On pense d'ailleurs ici à la diatribe de Francis Bacon contre les soldats, aux yeux desquels ne comptent rien que le vin, les femmes et la musique. Bacon sait d'ailleurs parfaitement que, sans leurs soldats, les nations ne sont rien, ce qui implique du point de vue culturel d'encourager systématiquement le militarisme ou le militantisme (l'intellectuel moderne "engagé" n'est que le masque du prêcheur nationaliste, c'est-à-dire du pourvoyeur de charnier).
L'expression d'une sagesse ou d'une spiritualité contre-nature de la part d'Homère, outre la misogynie, permet de discerner en lui un "tragédien juif". Homère ouvre une brèche dans la philosophie naturelle, c'est-à-dire le culte égyptien ou oedipien.
Ce qui déclenche la colère de Platon, c'est la promotion par Homère de la conscience religieuse individuelle à travers Ulysse, incompatible avec le culte providentiel païen archaïque. Platon est plus moderne que Homère, parce qu'il est plus archaïque. Homère, lui, énonce une théologie qui n'est en principe pas tributaire du temps, et qui a le défaut, du point de vue élitiste ou platonicien, de n'être d'aucun usage sur le plan politique ou éthique.
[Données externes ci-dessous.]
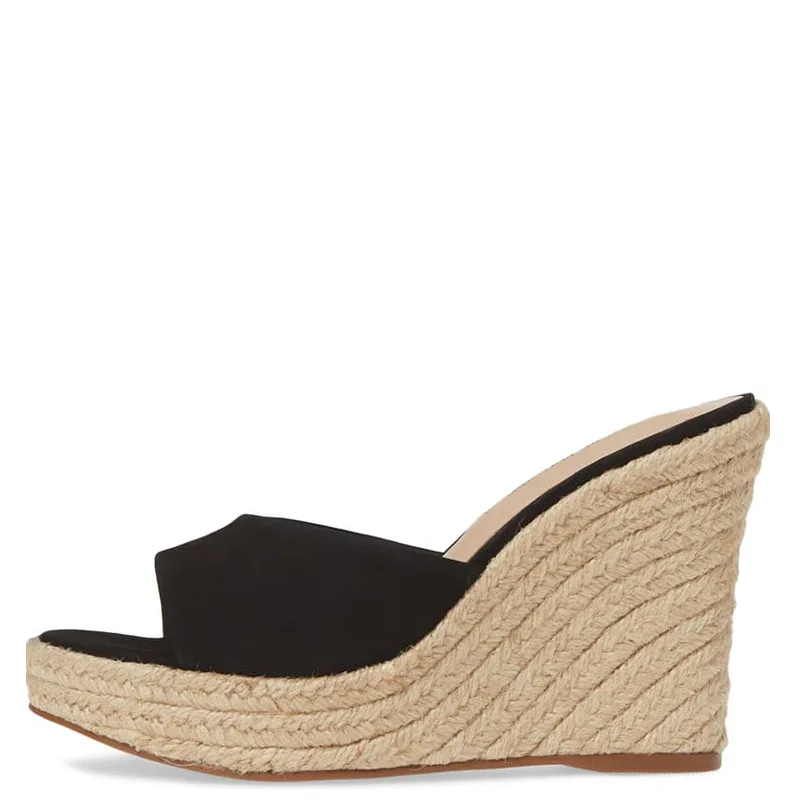 Туфли на высокой танкетке цвет черный белый эспадрильи Босоножки платформе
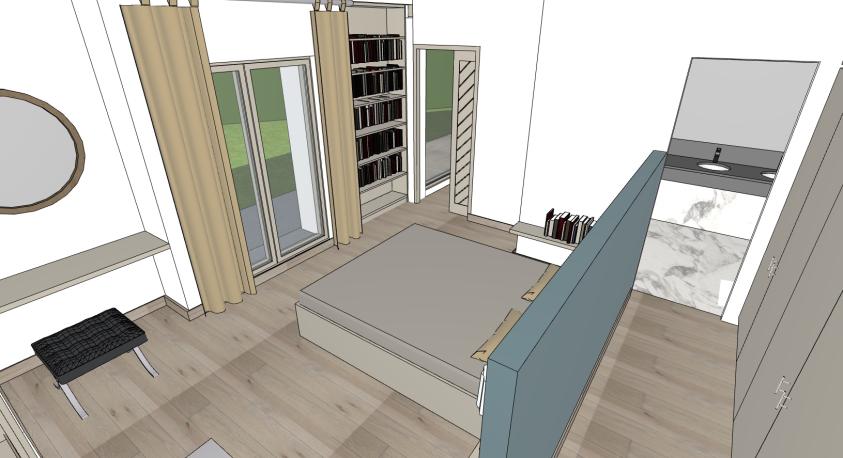 Vue Chambre - dressing - salle de bain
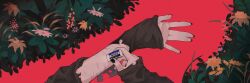 Rule 34 | 1girl, absurdres, anomarasu, black nails, commentary, english commentary, eraser, female pov, flower, highres, holding, long sleeves, nail polish, original, plant, pov, pov hands, red background, self-harm scar, sleeves past wrists, solo, torn clothes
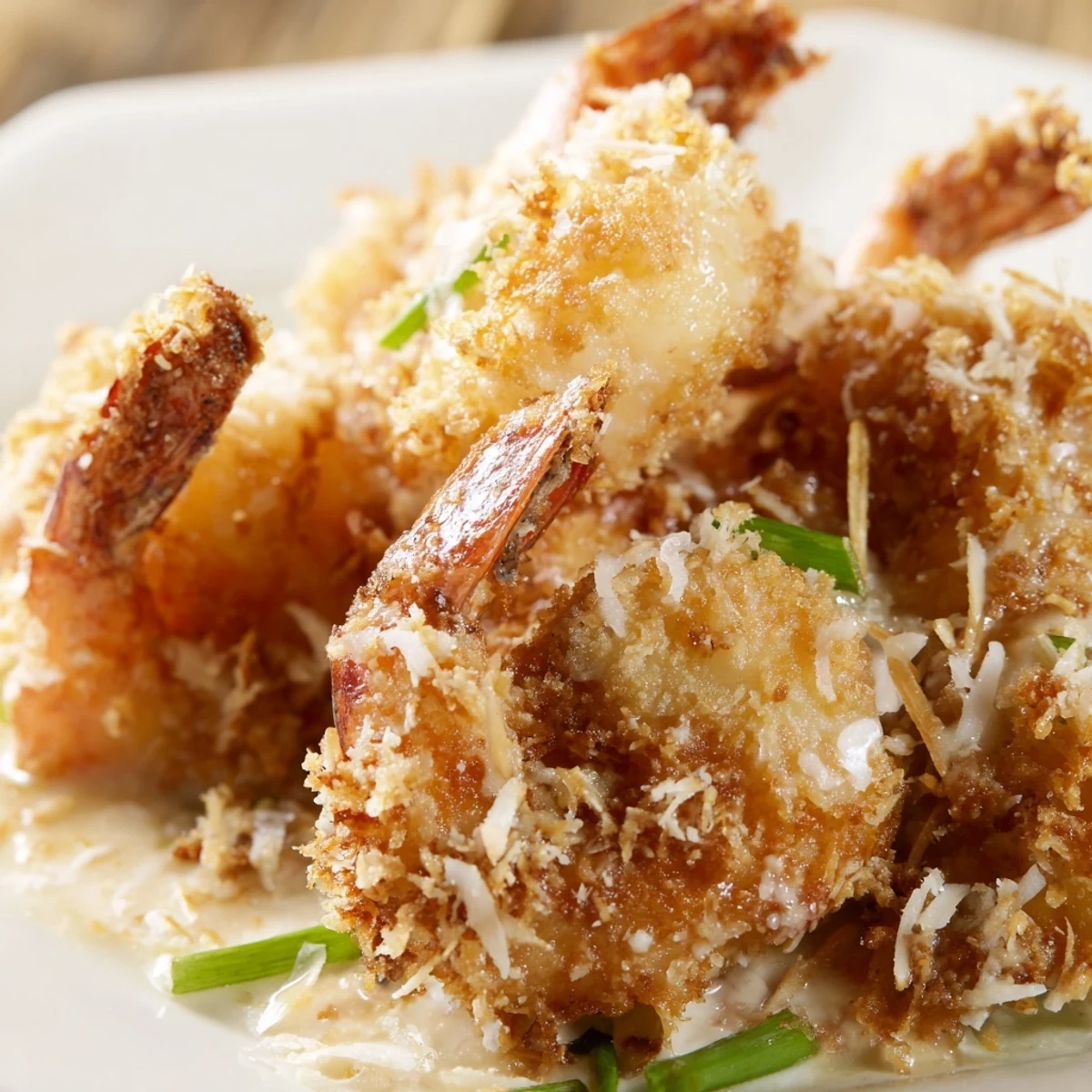 Golden-battered Chinese Coconut Shrimp drenched in creamy coconut sauce, garnished with toasted coconut and green onions.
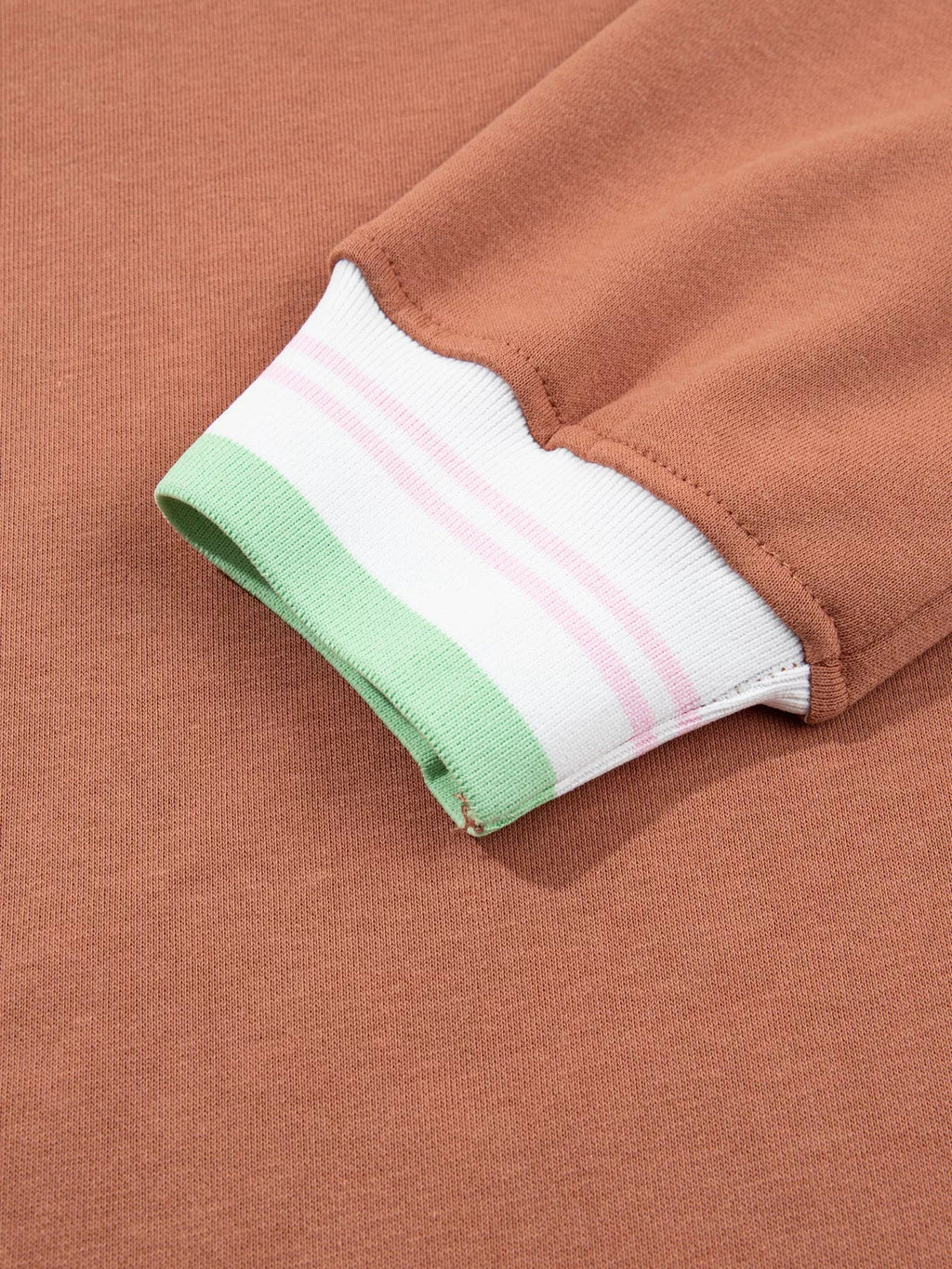 Contrast Striped Trim Baggy Pullover Sweatshirt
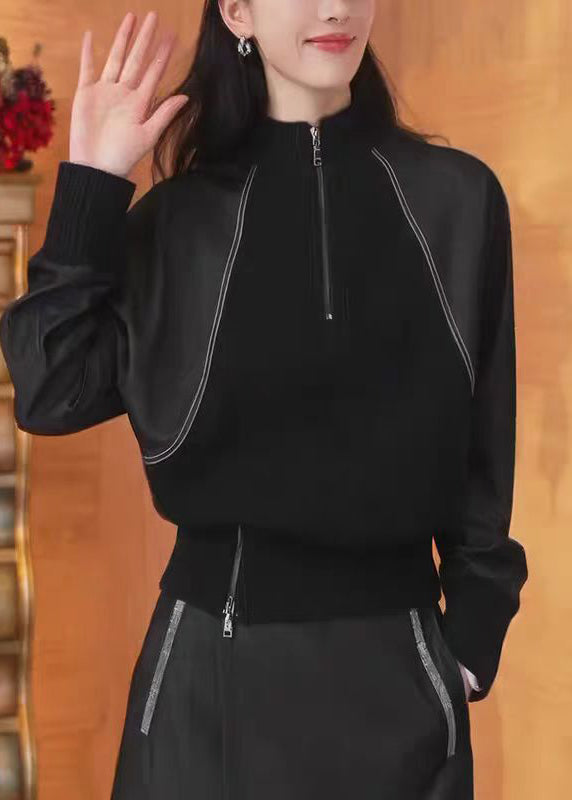 New Black Zip Up Patchwork Cotton Sweatshirts Top Fall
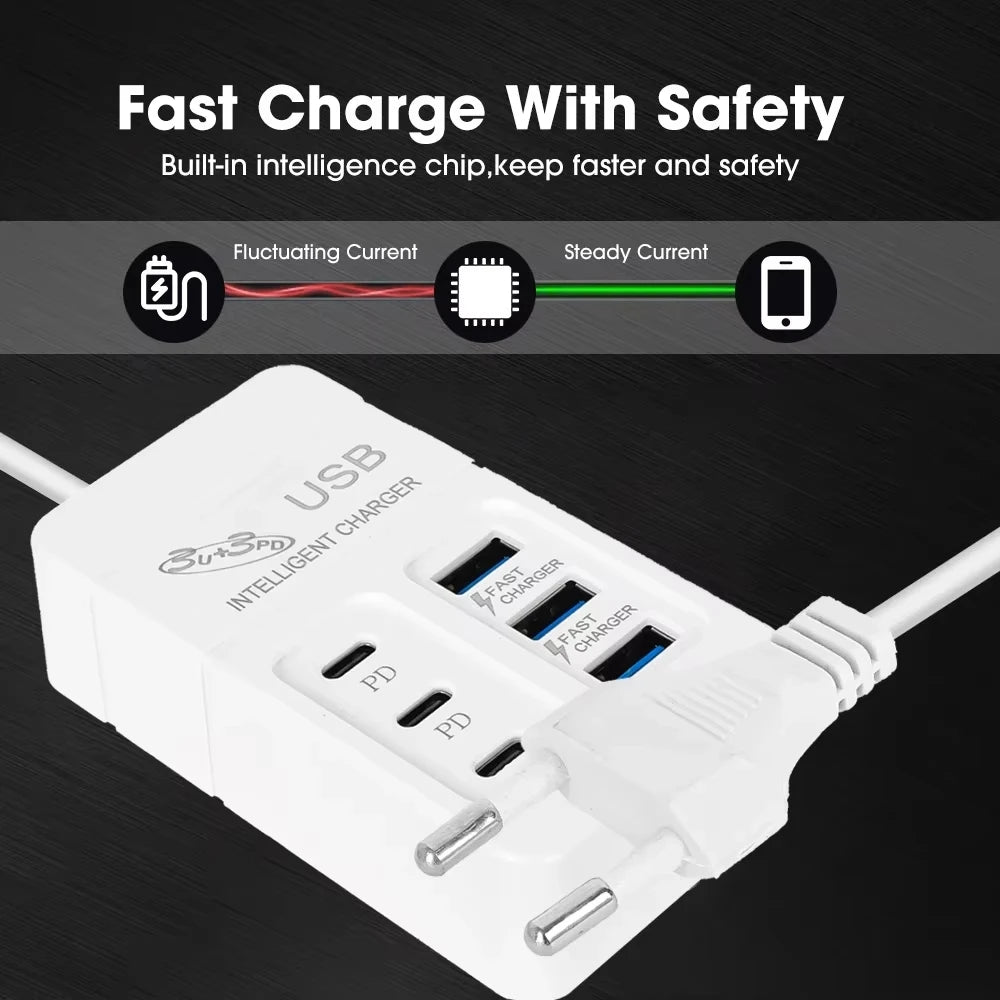 6-in-1 USB Charger – 35W Fast Charging Hub for All Your Devices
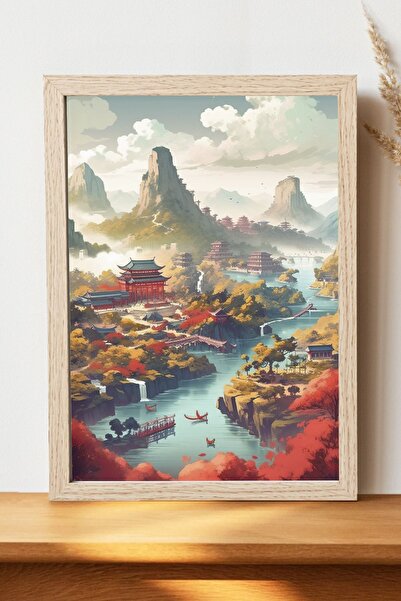 Luna Marissa Αφίσα με κινέζικο τοπίο - Αφίσα ψηφιακής τέχνης από χοντρό χαρτί...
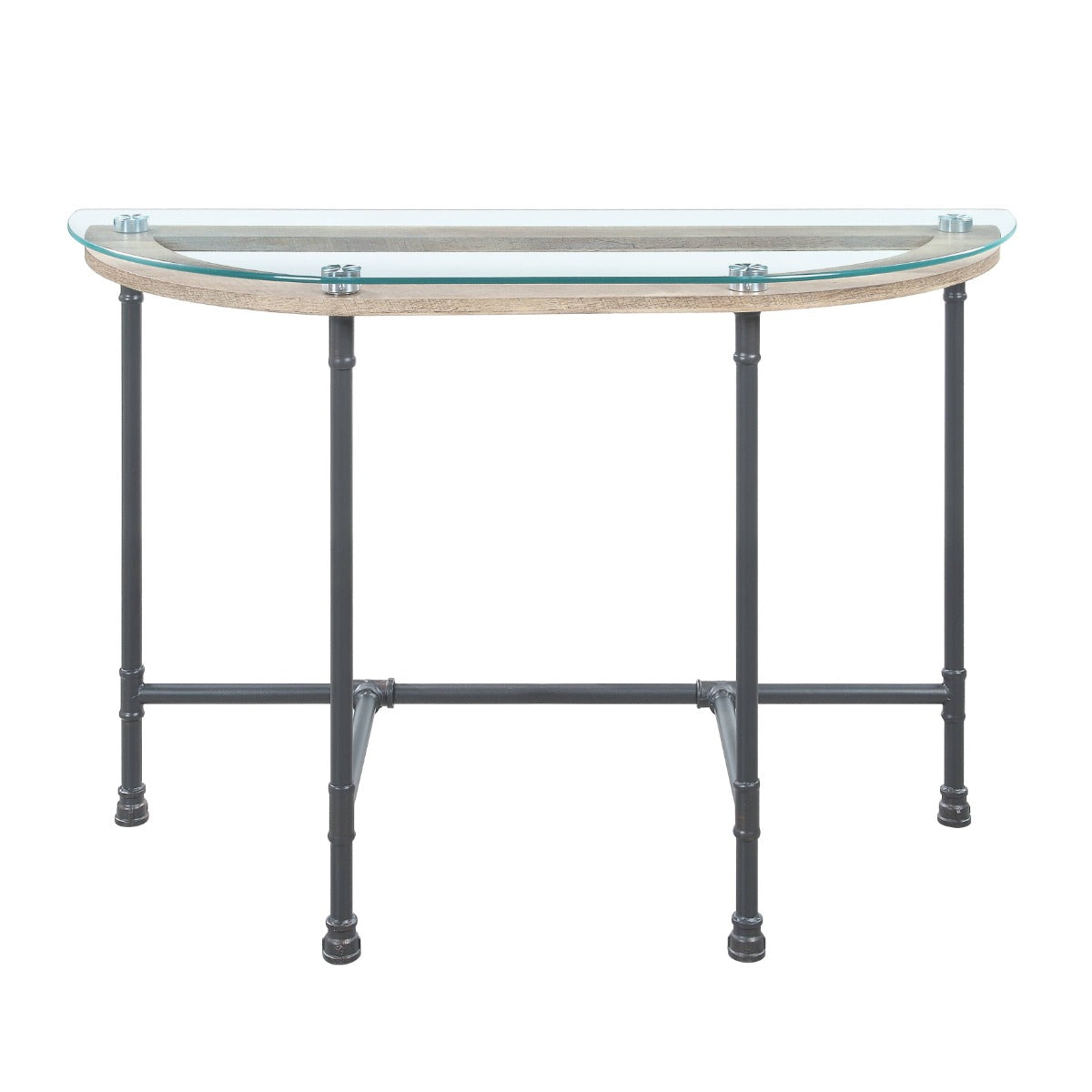 Brantley Clear Glass & Sandy Gray Finish Side Table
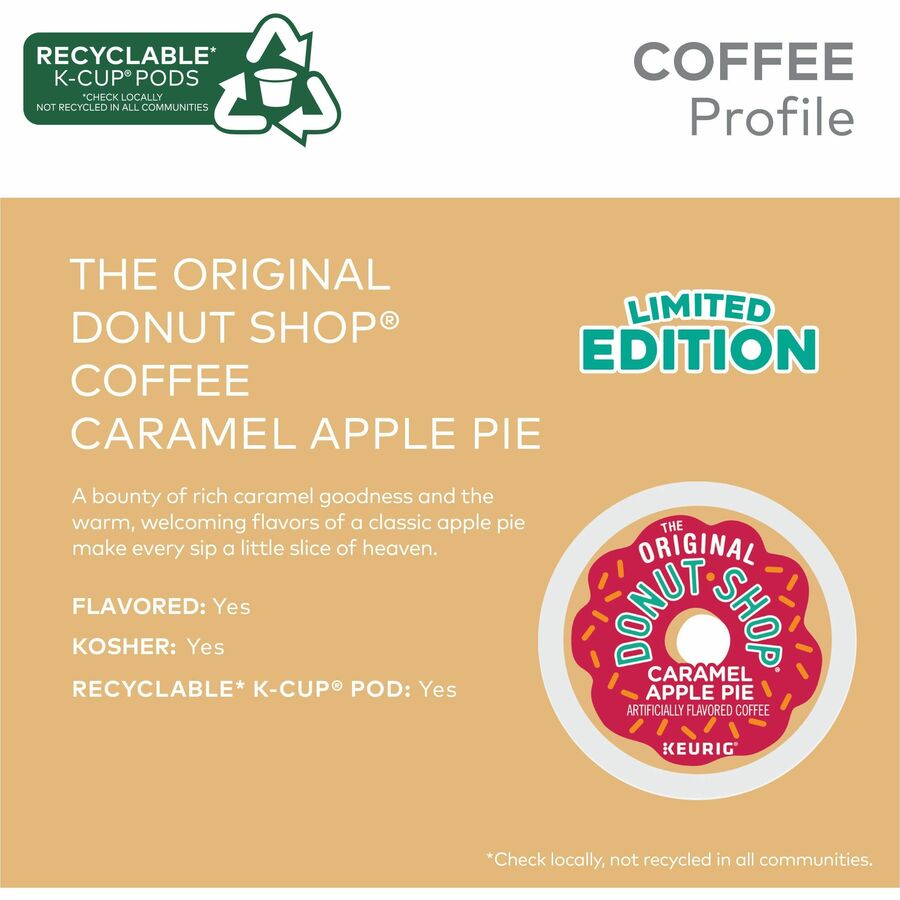 The Original Donut Shop Caramel Apple Pie Coffee, Light Roast, K-Cup, Kosher, 24/Box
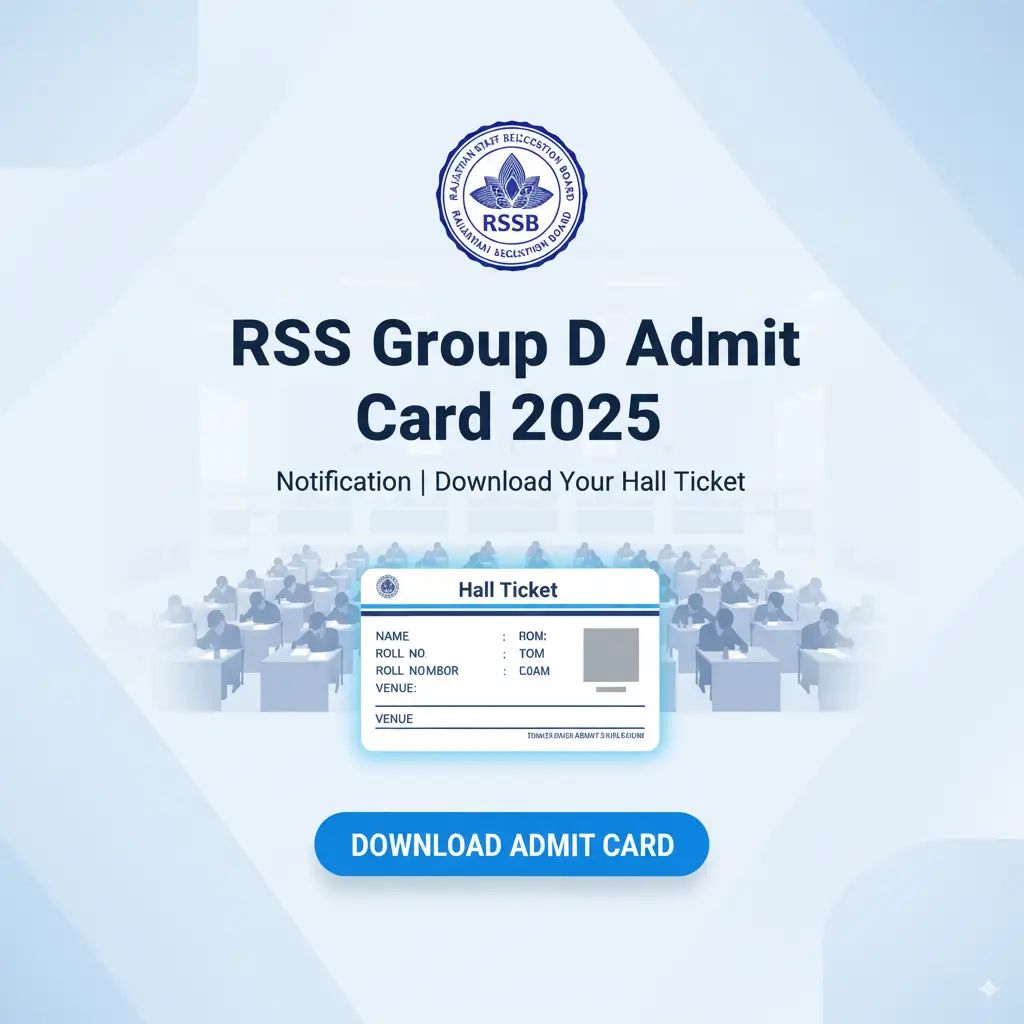 RSSB Group D Admit Card 2025 Download – Rajasthan Group D Hall Ticket and Exam Date Details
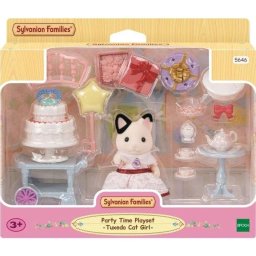 Set Sylvanian Families Niña Gato Bicolor Fiesta de Té, 25 Accesorios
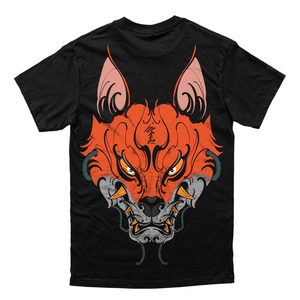 Camiseta Negra Unisex con Estampado de Cabeza de Zorro Flameado, Cuello en V, Manga Corta, Casual, Transpirable, Ecológica, de Poliéster/Algodón, Corte Regular, para Todos - Product Image 2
- De la même manière, on pourrait dire que dans le théâtre de Shakespeare, du moins pour les tragédies situées dans l'ère chrétienne, tous les personnages de Shakespeare confessent la foi chrétienne. Comme il se doit, selon la doctrine catholique romaine, les rois et les princes d'Occident sont, comme Achille est le chéri de Zeus, les favoris de dieu, portant sur eux les insignes de la foi chrétienne. Il n'est pas moins vrai qu'aux yeux de Shakespeare, ce type de culte providentiel est nécessairement païen et satanique. "Mon royaume pour un cheval !" : Shakespeare révèle en l'occurrence la véritable nature du culte des potentats occidentaux, et pourquoi ils sont les moins bien placés pour comprendre le sens spirituel de l'histoire.
Autrement dit, Homère part d'un poème religieux ou d'un thème nationaliste classique, comparable à l'Enéide ou à "Star Wars", dans lequel il introduit la critique, c'est-à-dire l'ingrédient qui a le don de faire voler en éclats la culture. Shakespeare se comporte de la même façon par rapport à la culture médiévale, mélange de paganisme et de christianisme.